Using uv (Recommended)

uv is a fast Python package installer.

# Install uv (if not already installed)
curl -LsSf https://astral.sh/uv/install.sh | sh

# Create virtual environment and install dependencies
uv venv .venv
source .venv/bin/activate
uv pip install -e ".[all]"

Using pip

python -m venv .venv
source .venv/bin/activate
pip install -e ".[all]"

Dependency Groups

Group Command Includes
Base pip install -e . torch, numpy, pandas, einops, tqdm, pillow
Audio pip install -e ".[audio]" + librosa, scipy
Visualization pip install -e ".[visualization]" + fiftyone, umap-learn, matplotlib
Training pip install -e ".[training]" + mlflow
Dev pip install -e ".[dev]" + pytest, pytest-cov
All pip install -e ".[all]" Everything

Quick Start

# Activate environment
source .venv/bin/activate

# Verify plugins are registered
python -c "from src import model_registry; print(model_registry.list())"
# Output: ['audiomae++', 'baseline']

Project Structure

.
├── src/                        # Core framework
│   ├── registry.py            # PluginRegistry class
│   ├── config.py              # Config dataclass
│   ├── models/                # Model plugins
│   │   ├── audiomae.py       # AudioMAE++ implementation
│   │   ├── baseline.py       # Baseline MAE
│   │   └── classifier.py     # Classification wrapper
│   ├── data/                  # Data loader plugins
│   │   ├── esc50.py          # ESC-50 loader
│   │   └── custom.py         # Generic + RF loaders
│   ├── transforms/            # Transform plugins
│   │   ├── audio.py          # Audio spectrograms
│   │   └── rf.py             # RF spectrograms
│   ├── training/              # Loss functions
│   └── embeddings/            # Embedding utilities
├── tests/                     # Test suite
│   ├── generate_tests.py     # Auto test generation
│   └── generated/            # Generated tests (gitignored)
├── notebooks/                 # Notebook generation
│   ├── generate.py           # NotebookGenerator
│   └── generated/            # Generated notebooks (gitignored)
├── data/                      # Datasets
│   └── ESC-50-master/        # ESC-50 dataset
└── checkpoints/               # Model checkpoints

Usage

Using the Plugin Registry

from src import model_registry, data_loader_registry, transform_registry
from src.config import Config

# Create a model
config = Config(img_size=224, patch_size=16, embed_dim=768)
model = model_registry.create("audiomae++", config)

# Create a data loader
from pathlib import Path
loader = data_loader_registry.create("esc50", Path("data/ESC-50-master"))
metadata = loader.load_metadata()

# Create a transform
transform = transform_registry.create("audio_spectrogram", img_size=224)

Extract Embeddings

import torch
from src import model_registry
from src.config import Config

config = Config()
model = model_registry.create("audiomae++", config)
model.eval()

# Input: batch of spectrograms [B, 3, 224, 224]
x = torch.randn(4, 3, 224, 224)

# Get embeddings
embedding = model.get_embedding(x, pooling_mode="mean")  # [4, 768]

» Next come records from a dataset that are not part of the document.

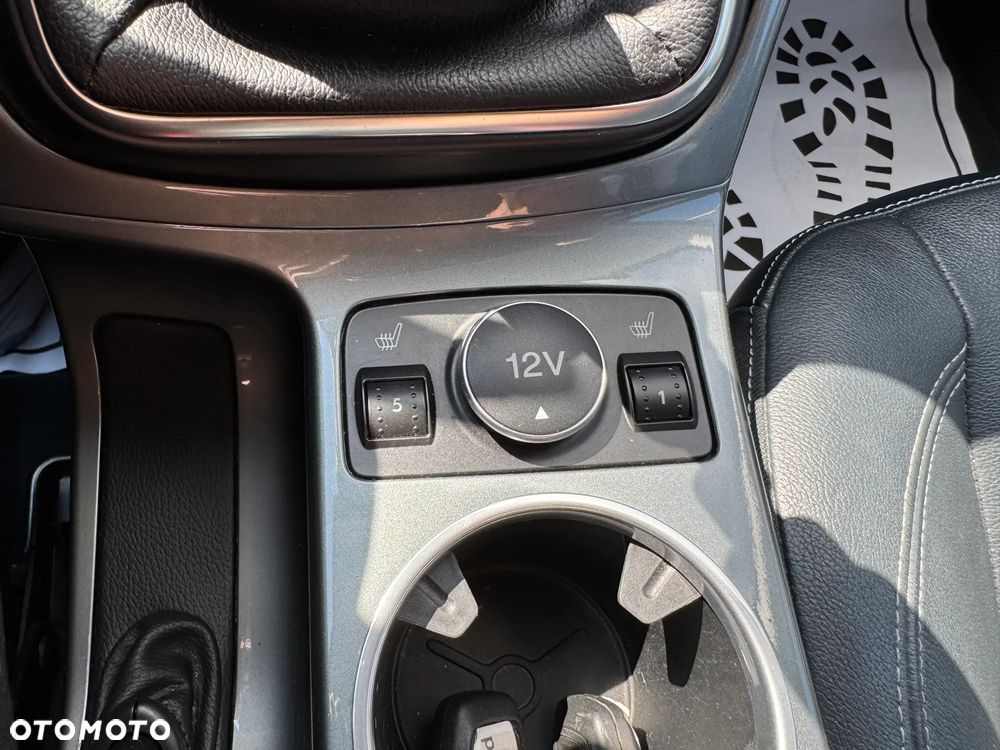 Ford Grand C-MAX 2.0 TDCi Titanium - 25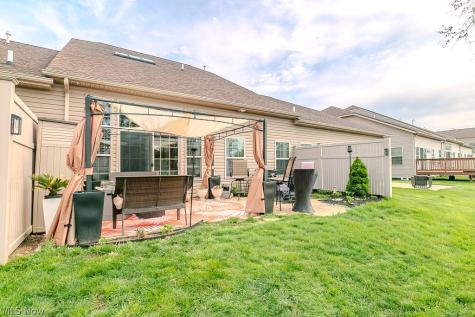 324 Lakewick Lane Willowick OH 44095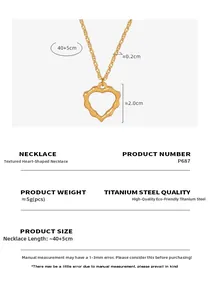 Détail macro du collier cœur doré avec spécifications en acier titane et les mesures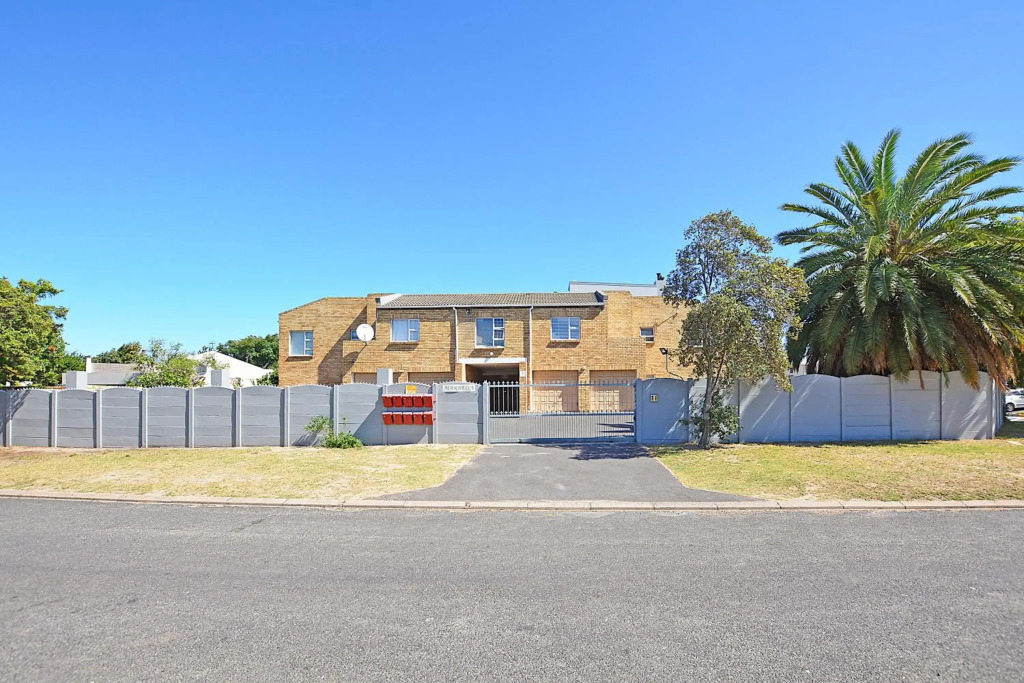 Modern Studio Apartment in Blouberg
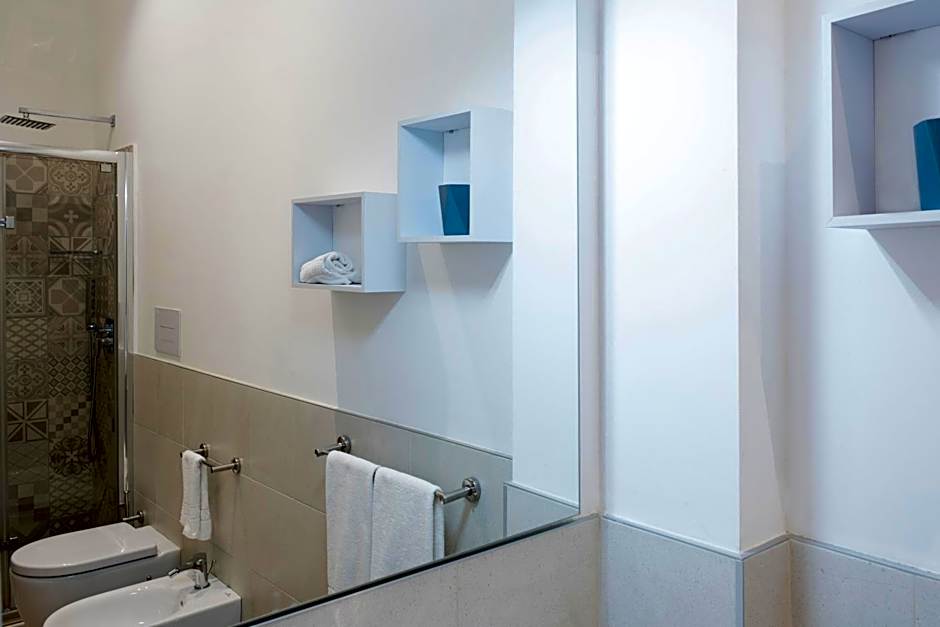 ZIBIBBO SUITES & ROOMS - Aparthotel in Centro Storico a Trapani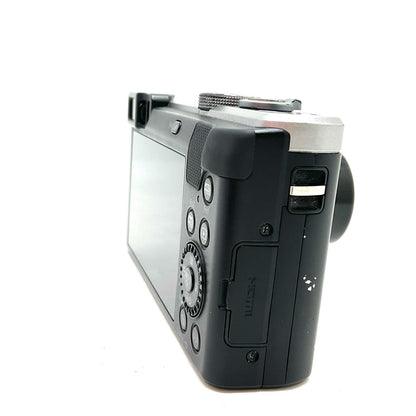 【全額返金保証】【最速発送】Panasonic コンパクトデジタルカメラ LUMIX DMC-TZ85 シルバー 動作確認済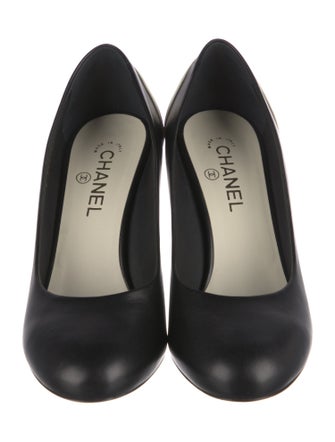 Chanel 2018 Interlocking CC Logo Pumps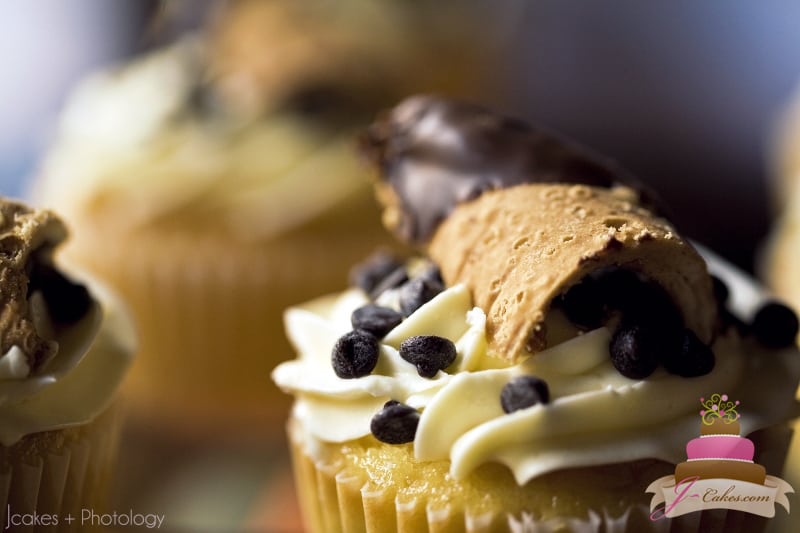 (628) Cannoli Cupcake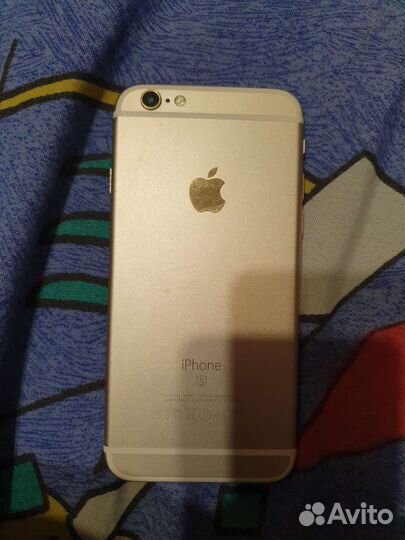 Телефон iPhone 6s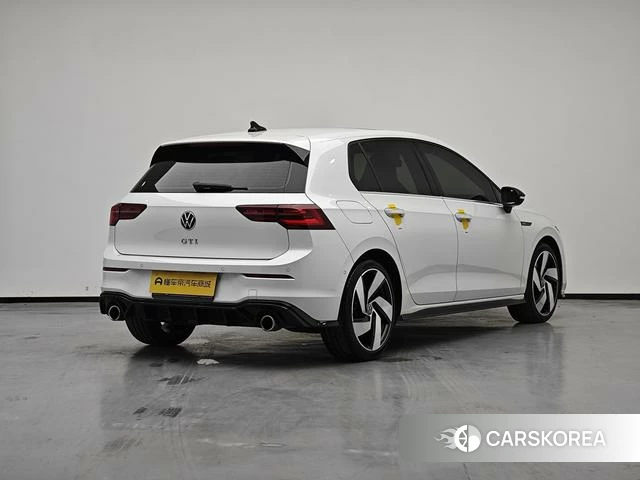 Volkswagen Golf 2022 Белый из Китая, фото 4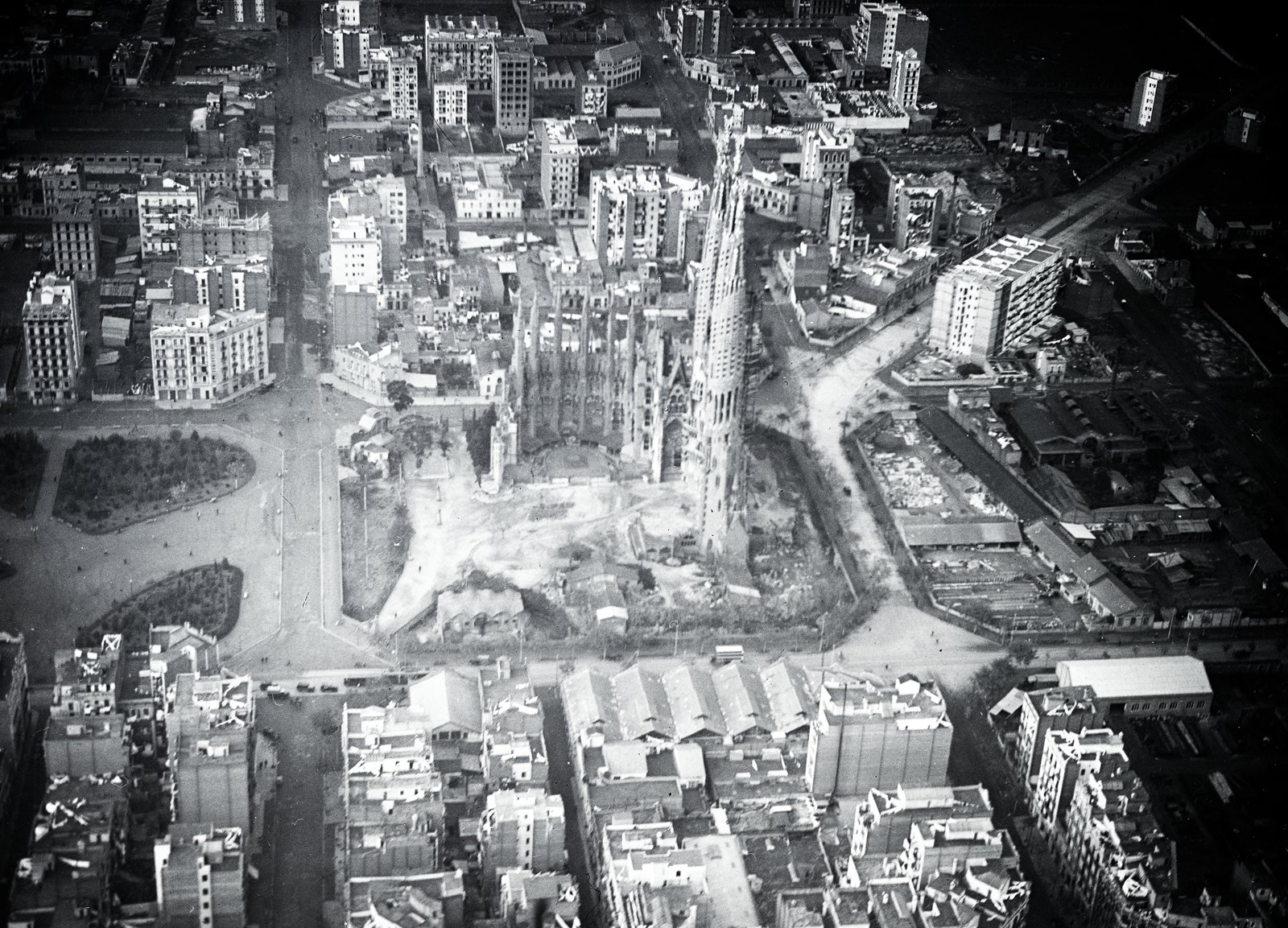 ETH-BIB-Barcelona, Sagrada Familia-Tschadseeflug 1930-31-LBS MH02-08-0201.tif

Fine-tune for Classification

from src.models.classifier import AudioMAEClassifier

# Wrap pretrained model for classification
classifier = AudioMAEClassifier(model, num_classes=50, freeze_encoder=True)
logits = classifier(spectrograms)  # [B, 50]

Commands

Generate Tests

After adding new plugins, generate tests to verify interface compliance:

python tests/generate_tests.py

This creates test files in tests/generated/:

  • test_models_interface.py - Model ABC compliance
  • test_data_loaders_interface.py - Data loader ABC compliance
  • test_transforms_interface.py - Transform ABC compliance
  • test_model_architectures.py - Various input size compatibility

Run Tests

# Run all generated tests
python -m pytest tests/generated/ -v

# Run specific test file
python -m pytest tests/generated/test_model_architectures.py -v

# Run with coverage
python -m pytest tests/generated/ --cov=src

Generate Training Notebooks

Create self-contained notebooks for Google Colab:

# Generate notebook for AudioMAE++ on ESC-50
python notebooks/generate.py --model audiomae++ --dataset esc50

# List available modules
python notebooks/generate.py --list-modules

Generated notebooks are saved to notebooks/generated/ and contain all code inline (no external imports required).

Adding New Plugins

New Model

# src/models/my_model.py
from src.registry import model_registry
from src.models.base import BaseAutoencoder

@model_registry.register("my-model", version="1.0")
class MyModel(BaseAutoencoder):
    def __init__(self, config):
        super().__init__()
        self.config = config
        # ... build model

    def forward_encoder(self, x, mask_ratio=0.75):
        # Return: latent, mask, ids_restore
        ...

    def get_embedding(self, x, pooling_mode="mean"):
        # Return: embedding [B, embed_dim]
        ...

    @property
    def embed_dim(self): return self.config.embed_dim

    @property
    def num_patches(self): return self.config.num_patches

New Data Loader

# src/data/my_dataset.py
from src.registry import data_loader_registry
from src.data.base import BaseDataLoader

@data_loader_registry.register("my-dataset")
class MyDataLoader(BaseDataLoader):
    def __init__(self, data_root):
        self.data_root = data_root

    def load_metadata(self):
        # Return DataFrame with: filepath, label, lat, lon
        ...

    def get_sample_paths(self):
        # Return list of Path objects
        ...

    def validate(self):
        # Return True if dataset is valid
        ...

New Transform

# src/transforms/my_transform.py
from src.registry import transform_registry
from src.transforms.base import BaseTransform

@transform_registry.register("my-transform")
class MyTransform(BaseTransform):
    def __init__(self, img_size=224):
        self.img_size = img_size

    def __call__(self, signal, sample_rate):
        # Return tensor [3, H, W]
        ...

    @property
    def output_channels(self): return 3

    @property
    def output_size(self): return (self.img_size, self.img_size)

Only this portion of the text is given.